Dr Fasano: Originally, I was not interested at all. In the early days, I was really focused on diarrheal diseases, believe it or not, particularly infective diarrhea diseases like cholera. Being a pediatric gastroenterologist, I focused on what is the most impactful science I can do to make a difference.
We still lose 4 or 5 million kids a year to diarrheal disease. It seems to be insane, but that is the truth.
So, that is what I was focusing on, to understand how pathogens cross-talk with us to achieve whatever goal they need to achieve. As a byproduct of that interaction, you got sick with diarrheal disease, so you die from dehydration.
The deeper I delved into these kind of studies, the more I realized that the way that bacteria talk with us is through tools that are there for other purposes. They just stumbled into this cross-talk, so to speak, hijacking a mechanism that the host uses for different purposes, in order to achieve their lifestyle goals.
That led me to believe, that among the other mechanisms they use, bacterial interaction with their host may affect some of the key functions of the gut that have been overlooked for many years, including making the gut more permeable to substances from the environment. So the bottom line is,
increased gut permeability leading to increase trafficking of macromolecules is one of the common bioproducts of the enteric pathogens-host interaction.

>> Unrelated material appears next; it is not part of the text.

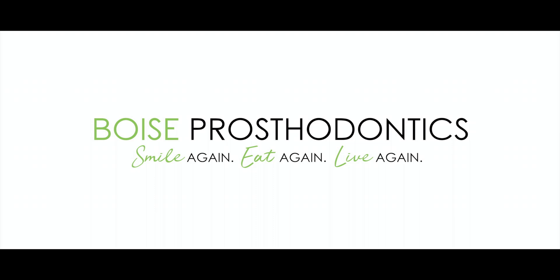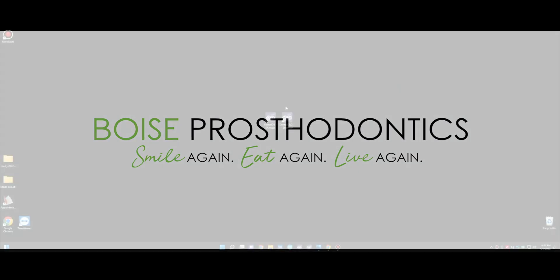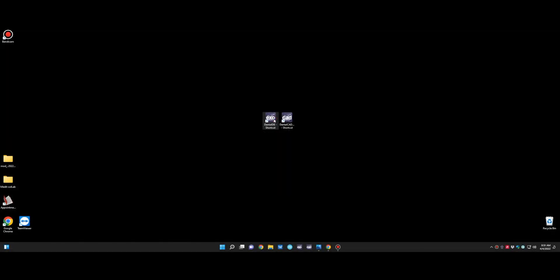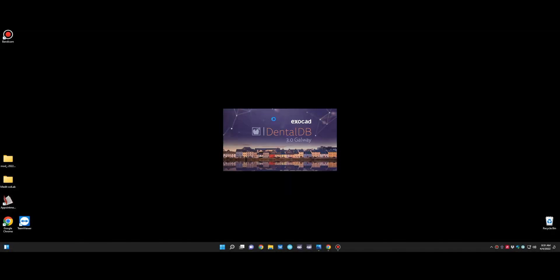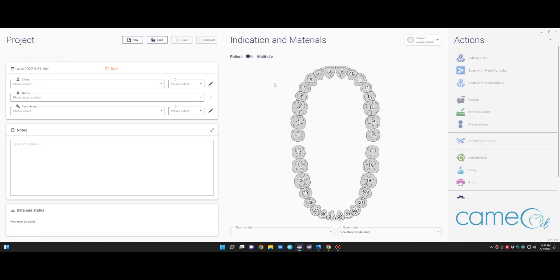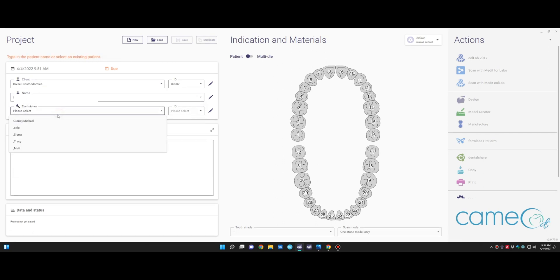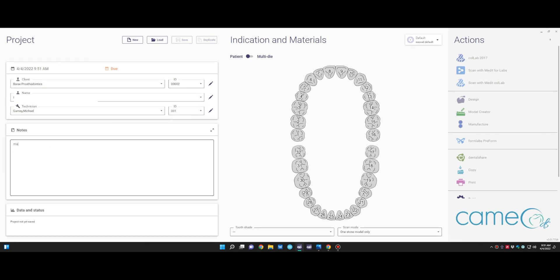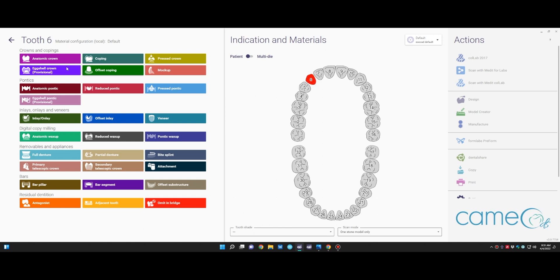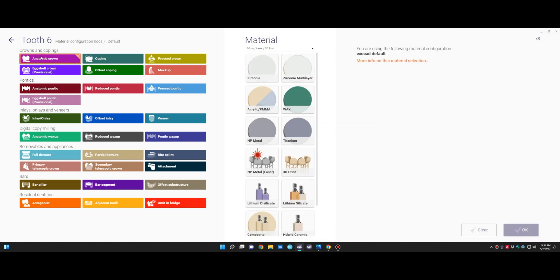All right, welcome, and we're going to instruct our team on how to make prototype crowns the same day as preparation. So we'll need to open ExoCAD. As we do that, we'll have to tell the system what we're going to do. So we put in our company, the patient's name. Ultimately, we're going to type in the description, and then we'll click on the teeth that we want to make anatomic crowns for.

Just by serendipity, at the same time, researchers were beginning to understand some of the mechanisms that lead to autoimmunity. And definitely, the breaking of tolerance comes from the environment—the triggers of autoimmunity— is what really leads you to develop this disease if you are
genetically predisposed. But, also, these components have been overlooked for many years. The major focus was—and still is I should say—on how and why the immune system got aggressive against itself and killed your tissues. That is the hallmark of autoimmunity. But how the entire process starts,
why the immune system becomes so belligerent, and what it is reacting to has always been a black box, so to speak. Only in recent years has attention to antigen trafficking—in other words, the small unit that comes from outside to inside our bodies through increased permeability—been on the radar screen of scientists that are interested in why you start this entire process that leads to autoimmunity.
The bottom line is, by studying how bacteria make the intestine become more permeable, I ended up studying the mechanism that starts the cascade of events leading to autoimmunity. Those 2 power roads crossed at a certain point when I started to focus on another diarrheal disease that was an interest of mine, and that was celiac disease. This ended up being categorized as an autoimmune disease, and here you are.